Data entries

--- START ---

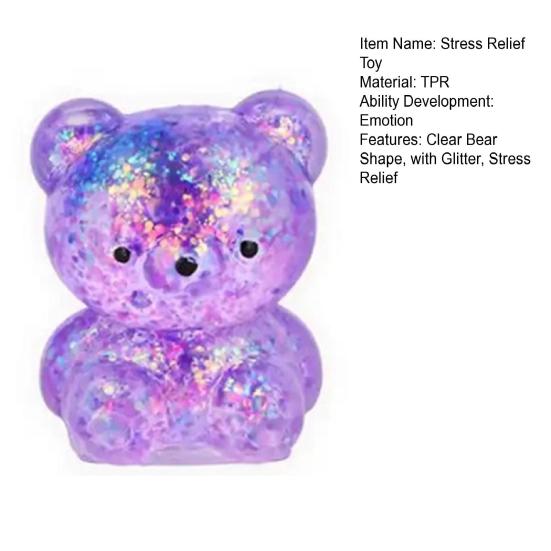 Mini Glitter Bear Squeeze Toy Stress Relief Clear Bear Stress Sugar Ball Sensory Toy Soft Slow Rising Decompression Fidget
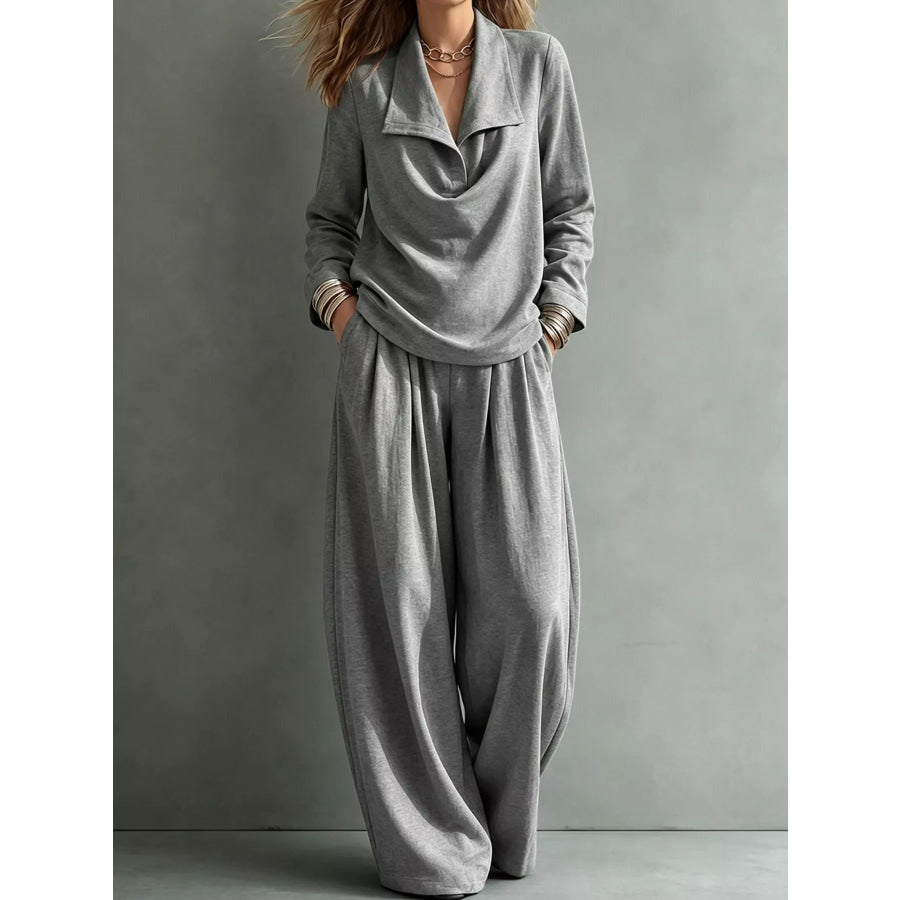 Full Size Casual Elegant Top and Wide-Leg Pants Set Plus Gray / S Apparel Accessories
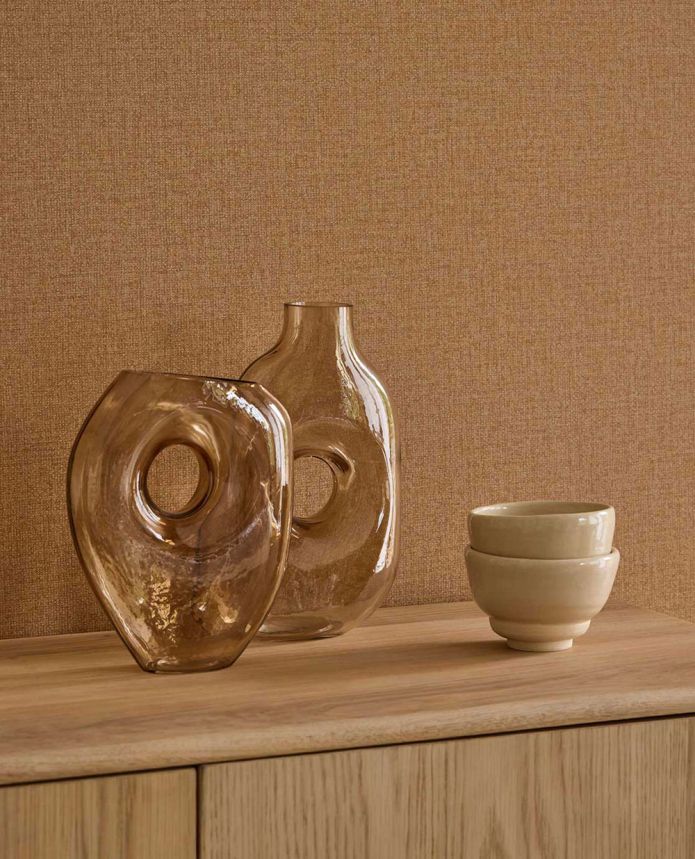 Vlies tapéta, barna, szövetutánzat, 340627, Linen Look, Eijffinger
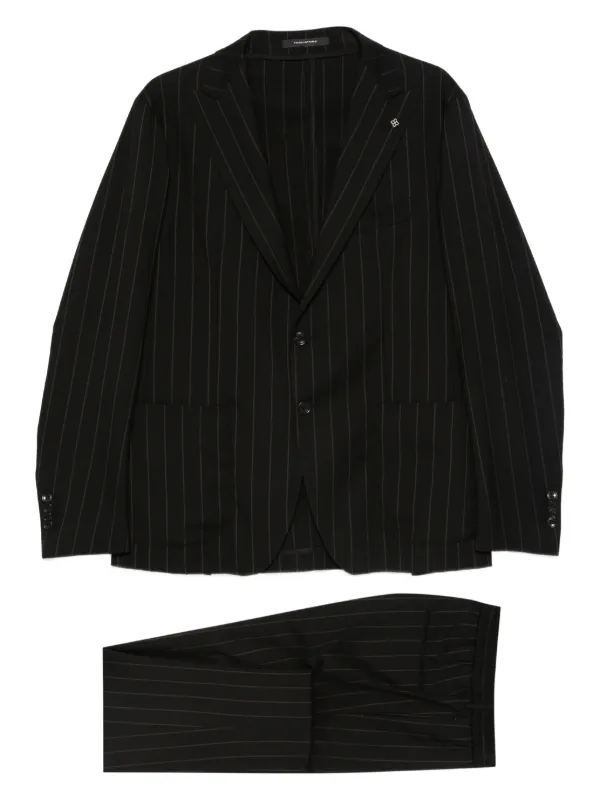 新品 TAGLIATORE ジャガードストライプ スーツ 50 Tagliatore ストライプ スーツ | ブラック | FARFETCH JP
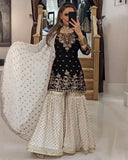 Exclusive Black And White Soft Georgette Embroidery Gharara Suit With Dupatta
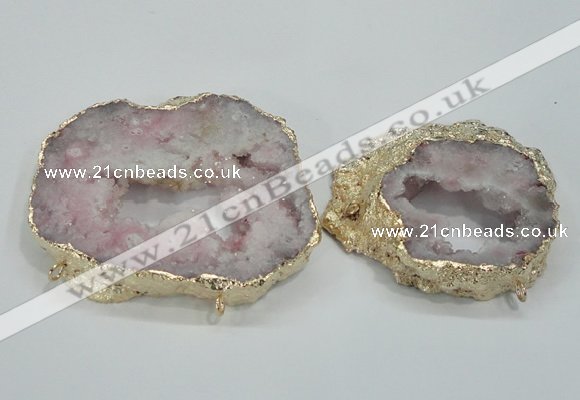 NGC202 50*60mm - 55*75mm freeform druzy agate connectors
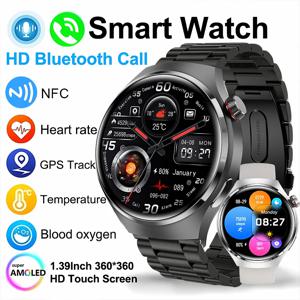 스마트 워치 남성용 360*360 HD AMOLED 스크린 블루투스 통화 NFC IP68 심박수 혈액 산소 Smartwatch For 2025 New GT Series 4 Pro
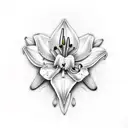 white lily represent life and death scarab tattoo design idea
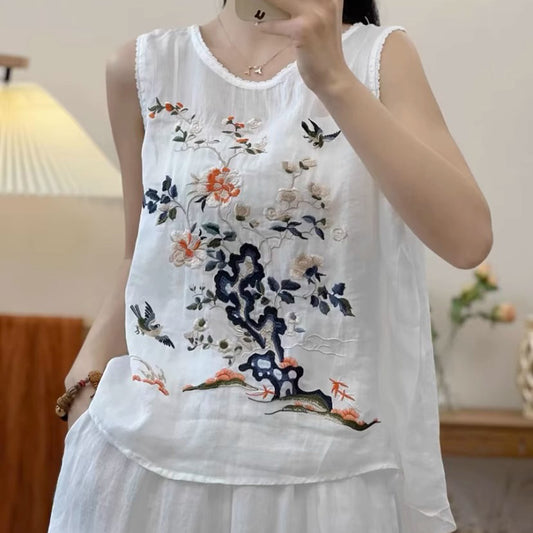 Retro Casual Ramen Flower Embroidered Vest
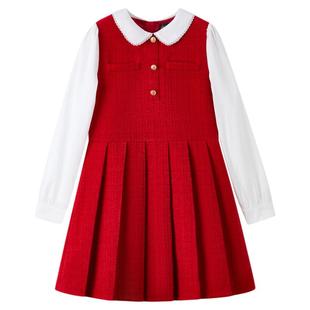 【14%绵羊毛】eland kids衣恋童装女童连衣裙25冬红色小香风裙子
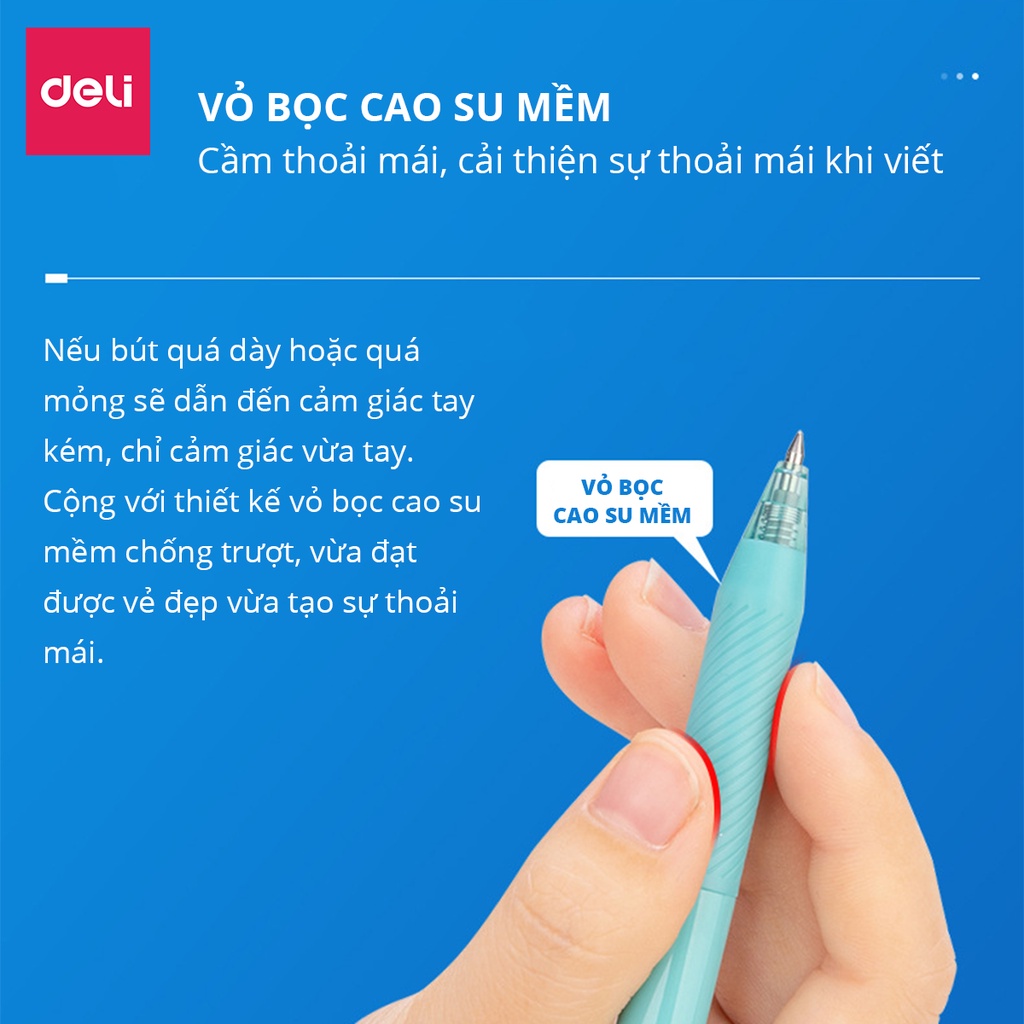 Bút bi gel bấm mực đen cao cấp Deli 0,5mm học sinh văn phòng, ngòi viết trơn tru mực ra đều, nhiều màu sắc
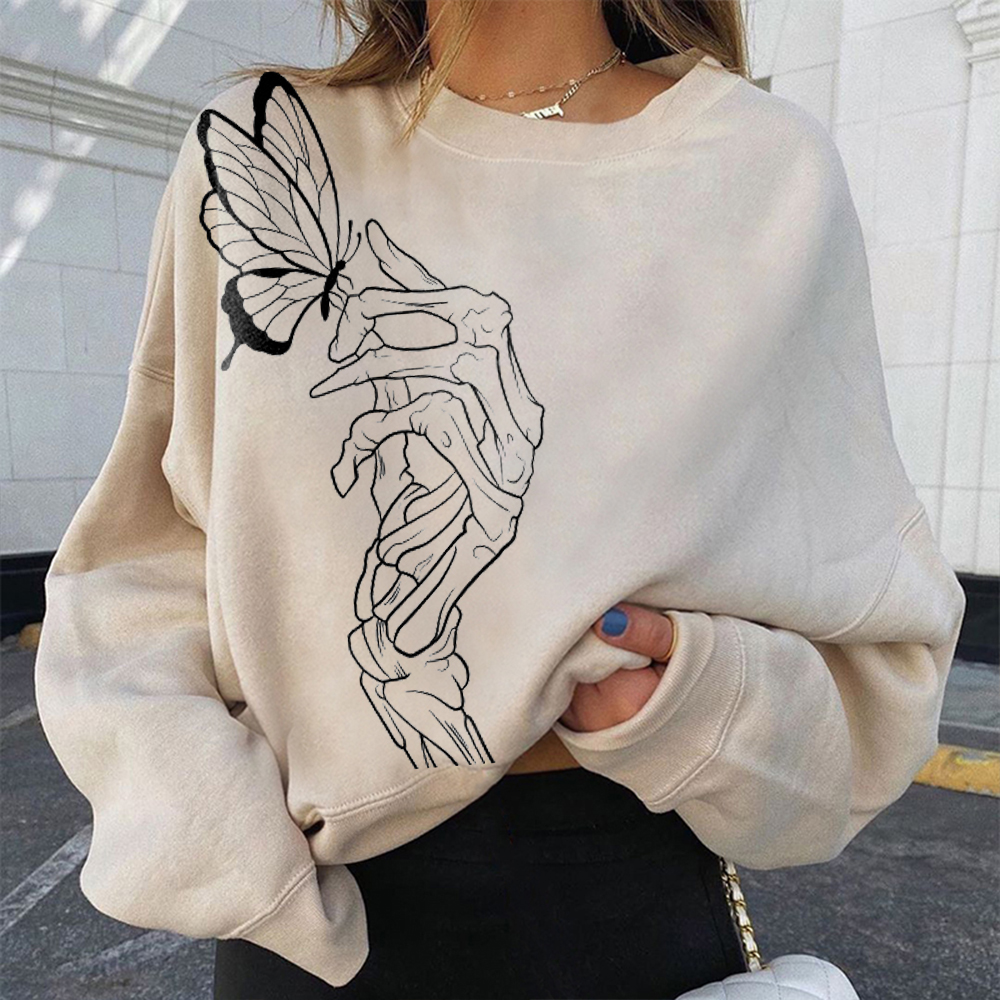Skeleton And Butterfly Sweatshirt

--- END ---

— What to produce —
From the first line to the last, return the records exactly and leave the pictures behind.

— Response to the exercise —
 Mini Glitter Bear Squeeze Toy Stress Relief Clear Bear Stress Sugar Ball Sensory Toy Soft Slow Rising Decompression Fidget
 Full Size Casual Elegant Top and Wide-Leg Pants Set Plus Gray / S Apparel Accessories
 Vlies tapéta, barna, szövetutánzat, 340627, Linen Look, Eijffinger
 新品 TAGLIATORE ジャガードストライプ スーツ 50 Tagliatore ストライプ スーツ | ブラック | FARFETCH JP
 Exclusive Black And White Soft Georgette Embroidery Gharara Suit With Dupatta
 NGC202 50*60mm - 55*75mm freeform druzy agate connectors
 스마트 워치 남성용 360*360 HD AMOLED 스크린 블루투스 통화 NFC IP68 심박수 혈액 산소 Smartwatch For 2025 New GT Series 4 Pro
 white lily represent life and death scarab tattoo design idea
 Retro Casual Ramen Flower Embroidered Vest
 【14%绵羊毛】eland kids衣恋童装女童连衣裙25冬红色小香风裙子
 Bút bi gel bấm mực đen cao cấp Deli 0,5mm học sinh văn phòng, ngòi viết trơn tru mực ra đều, nhiều màu sắc
Skeleton And Butterfly Sweatshirt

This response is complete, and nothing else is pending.